Second, the definition of “regular and established place of business” remains under-developed. If this provision is interpreted broadly, TC Heartland would minimally impact a plaintiff’s choice of venue. Judge Gilstrap of the Eastern District of Texas has generously interpreted the requirement, finding a “regular and established place of business” to exist even where a company lacked a physical building. Raytheon Co. v. Cray, Inc., 2017 U.S. Dist. LEXIS 100887, *32-37 (E.D. Tex. June 29, 2017) (considering additional factors, including defendant’s representations regarding its presence, benefits received, and targeted interactions with the district). In contrast, if this provision is interpreted strictly, plaintiffs may increasingly resort to litigating in the defendant’s state of incorporation. See, e.g., Logantree Lp v. Garmin Int’l, Inc., 2017 U.S. Dist. LEXIS 99925, *4-5 (W.D. Tex. June 22, 2017) (stating that authorization to do business in the state and distributors in the district did not amount to a “permanent and continuous presence which shows a regular and established place of business”).

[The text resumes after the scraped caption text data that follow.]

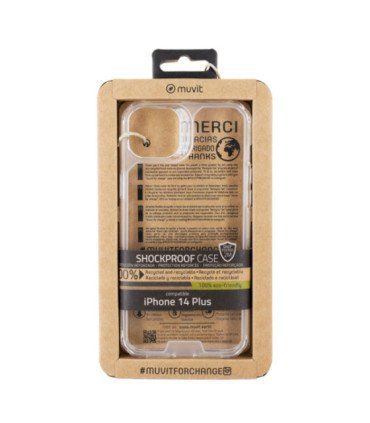 Funda muvit shockproof 2m apple iphone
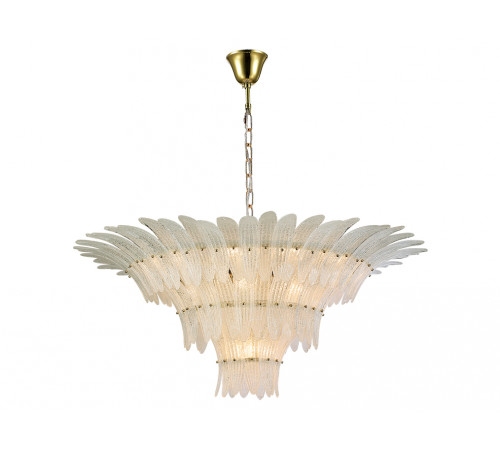 Подвесная люстра Newport Victoria 8821/C gold white М0070238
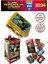 Adrenalyn Fifa 365 - 2024 Trading Card Tin Box - Metal Kutulu Futbolcu Kartları 1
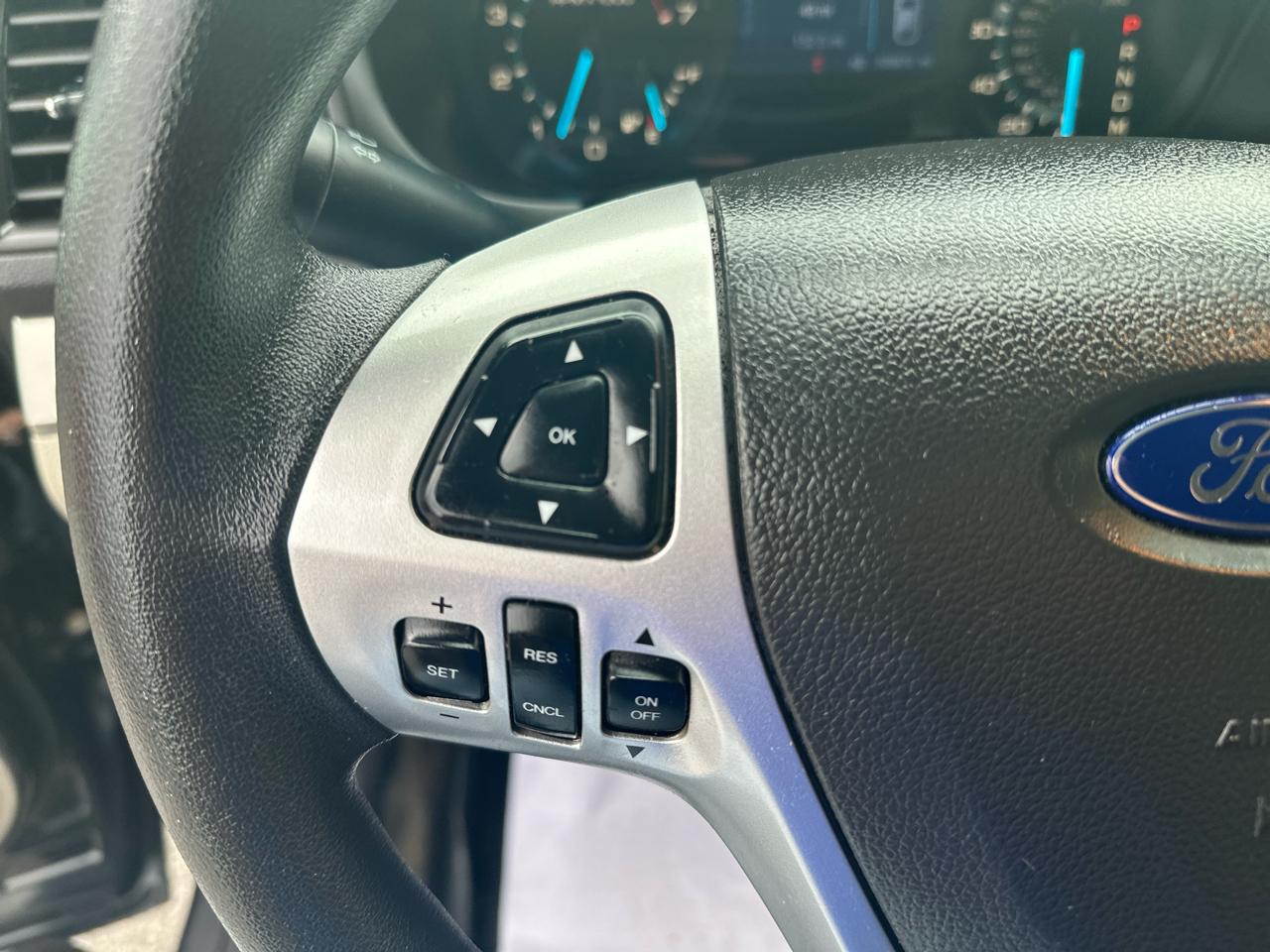 Ford Explorer 4WD 4dr Base 2015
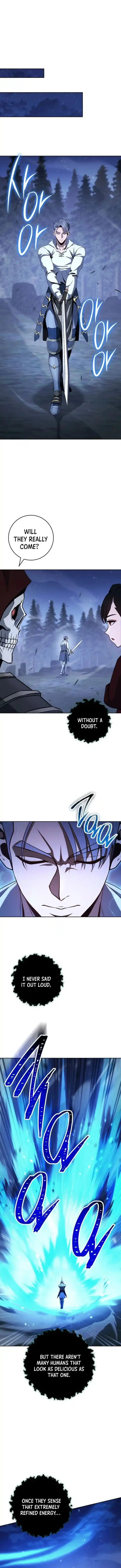 Skeleton Soldier Couldn't Protect the Dungeon Ch.318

Finally, TC Heartland may impact the identity of defendants. TC Heartland does not extend to foreign entities. 137 S. Ct. at 1520 n.2. Thus, foreign entities may still be sued in any judicial district. 28 U.S.C. § 1391(c). Accordingly, branded companies may attempt to file ANDA litigations against foreign parents instead of their U.S. subsidiaries.
As the ripples from TC Heartland continue to spread, ANDA petitioners should prepare for increased litigation over the interpretation of § 1400(b), further congestion in Delaware district courts, and possibly a shift in focus to foreign defendants.